This solution leverages drone technology combined with AI to revolutionize surveying in sectors like mining, geology, and construction. The project solves the challenge of accurately estimating the volume of extracted materials (stockpiles) or excavations without dangerous and time-consuming manual surveys.

Technical Stack:

  • Data Acquisition: High-resolution aerial imagery and LiDAR data from UAVs (Unmanned Aerial Vehicles).
  • Processing: Photogrammetry software and Python-based 3D modeling libraries.
  • Algorithms: Computer Vision for depth estimation and volumetric calculus algorithms.

Key Modules & Functionality:

  • 3D Point Cloud Generation: Converts 2D drone images into precise 3D mesh models of the terrain.
  • Automated Stockpile Estimation:
    • The AI identifies distinct stockpiles (e.g., coal, gravel, soil) within the 3D model.
    • Calculates the volume (V) based on the base area and height profile relative to the ground plane.
  • Change Detection: Compares data from different dates to track progress, excavation rates, or material depletion over time.

Impact:

  • Precision: Delivers volumetric measurements with up to 98-99% accuracy compared to traditional total station surveys.
  • Safety: Eliminates the need for surveyors to physically climb unstable stockpiles or enter hazardous mining zones.
  • Efficiency: Reduces surveying time from days to hours, providing stakeholders with rapid, actionable data.

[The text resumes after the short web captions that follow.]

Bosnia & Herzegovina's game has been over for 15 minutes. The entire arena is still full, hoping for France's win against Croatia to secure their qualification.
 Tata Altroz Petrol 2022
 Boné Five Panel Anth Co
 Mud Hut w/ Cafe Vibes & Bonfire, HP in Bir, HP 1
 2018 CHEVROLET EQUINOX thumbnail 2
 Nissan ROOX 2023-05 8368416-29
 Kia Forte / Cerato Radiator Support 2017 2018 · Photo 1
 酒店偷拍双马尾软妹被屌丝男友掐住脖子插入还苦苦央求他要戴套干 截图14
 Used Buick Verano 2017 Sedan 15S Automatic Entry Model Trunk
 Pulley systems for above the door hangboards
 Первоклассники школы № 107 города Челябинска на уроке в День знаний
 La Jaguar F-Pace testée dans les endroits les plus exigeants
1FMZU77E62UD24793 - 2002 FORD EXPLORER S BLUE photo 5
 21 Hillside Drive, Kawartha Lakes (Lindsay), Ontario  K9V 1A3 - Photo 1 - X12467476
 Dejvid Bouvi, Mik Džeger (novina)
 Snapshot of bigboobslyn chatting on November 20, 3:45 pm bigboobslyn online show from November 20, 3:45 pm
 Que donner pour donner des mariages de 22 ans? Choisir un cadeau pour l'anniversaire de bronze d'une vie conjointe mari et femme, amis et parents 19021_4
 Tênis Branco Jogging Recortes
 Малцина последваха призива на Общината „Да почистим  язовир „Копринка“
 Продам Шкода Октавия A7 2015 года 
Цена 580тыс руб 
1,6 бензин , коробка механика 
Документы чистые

Future Roadmap & Enhancements:

  • Material Classification using Hyperspectral Imaging:
    • Upgrading the computer vision pipeline to analyze spectral signatures. This would allow the system to not just calculate volume, but also identify the type of material (e.g., distinguishing between high-grade coal vs. waste rock) automatically.
  • Predictive Stockpile Planning:
    • Implementing time-series forecasting to predict when a stockpile will reach capacity or run out, helping site managers optimize logistics and truck schedules proactively.
  • Autonomous Flight Paths:
    • Utilizing Reinforcement Learning (RL) to enable drones to autonomously navigate complex mining environments, avoiding dynamic obstacles (like cranes or moving trucks) without human pilot intervention.
  • AR (Augmented Reality) Visualization:
    • Creating a mobile app feature where site engineers can point their tablet at a stockpile and see the calculated volume and 3D mesh overlaid in real-time on the camera feed.